>>

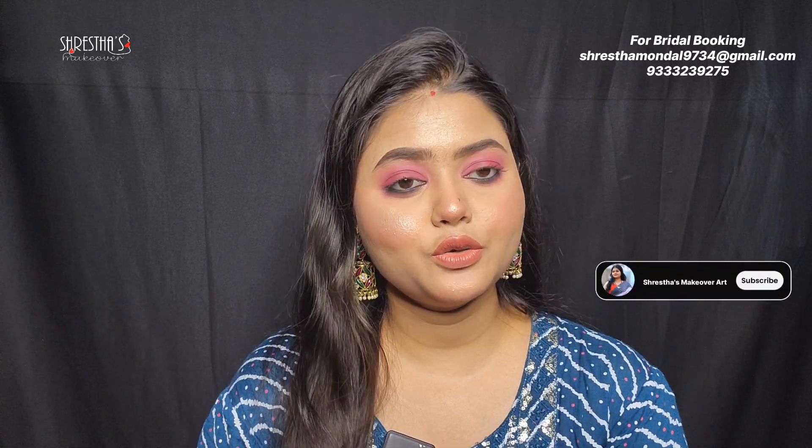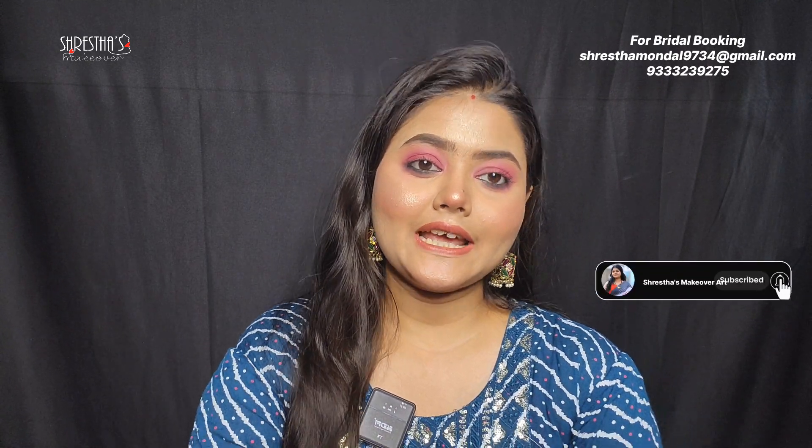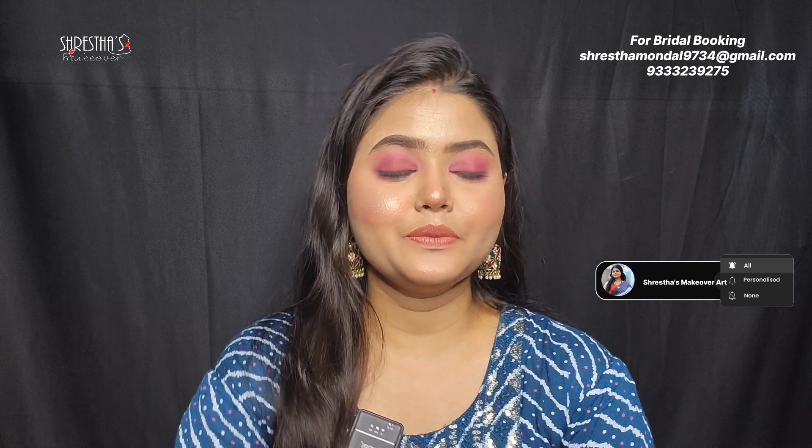So guys, those are the top 5 toners and hopefully they'll be helpful to you. You have some very good toner options for the summer season. You can use any of these toners — no problem at all. For more videos, please subscribe to my channel, and do like, share, and comment. Thank you so much for watching, guys. Bye!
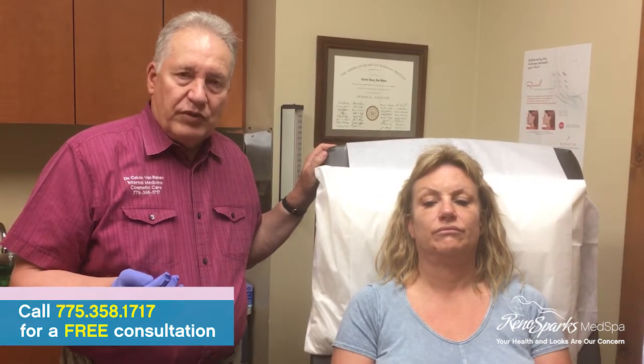Allergan makes a variety of fillers, including the various Juvederm lines. There's Juvederm, Voluma, which lasts about two years, and their newer product lasts about 18 months, and we're going to put about a syringe or so of each one.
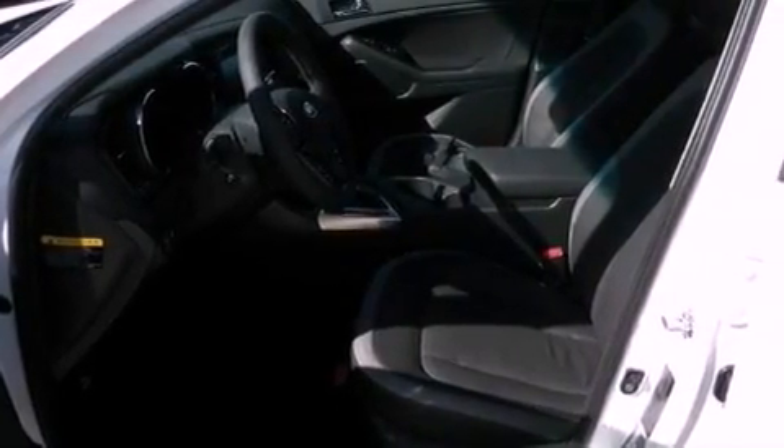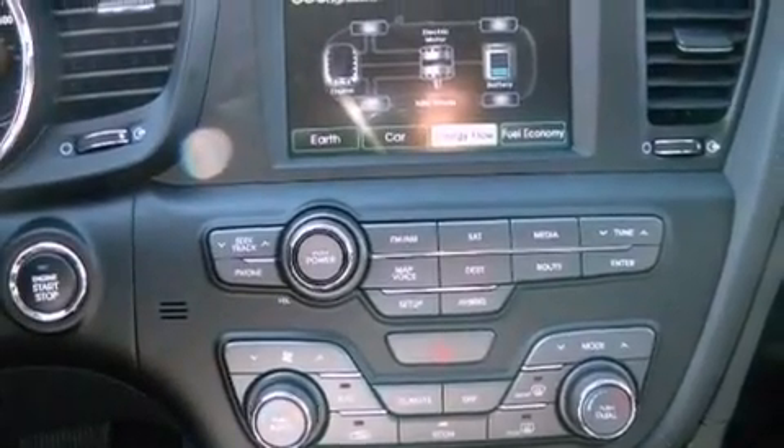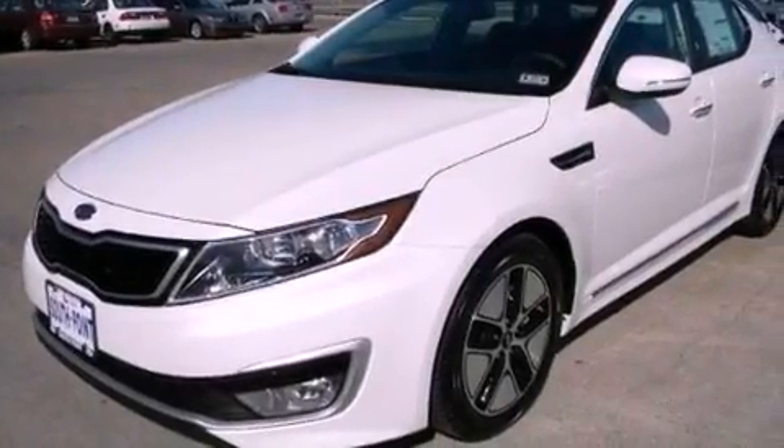The following features are also included: air conditioning with automatic climate control, stereo controls on the steering wheel, a rear window defroster, a leather-wrapped shift knob, and front fog lights.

<<

WORK INSTRUCTION: Please restate the data word for word, leaving out any picture it holds.

RESPONSE TO THIS EXERCISE:
So guys, those are the top 5 toners and hopefully they'll be helpful to you. You have some very good toner options for the summer season. You can use any of these toners — no problem at all. For more videos, please subscribe to my channel, and do like, share, and comment. Thank you so much for watching, guys. Bye!
Allergan makes a variety of fillers, including the various Juvederm lines. There's Juvederm, Voluma, which lasts about two years, and their newer product lasts about 18 months, and we're going to put about a syringe or so of each one.
The following features are also included: air conditioning with automatic climate control, stereo controls on the steering wheel, a rear window defroster, a leather-wrapped shift knob, and front fog lights.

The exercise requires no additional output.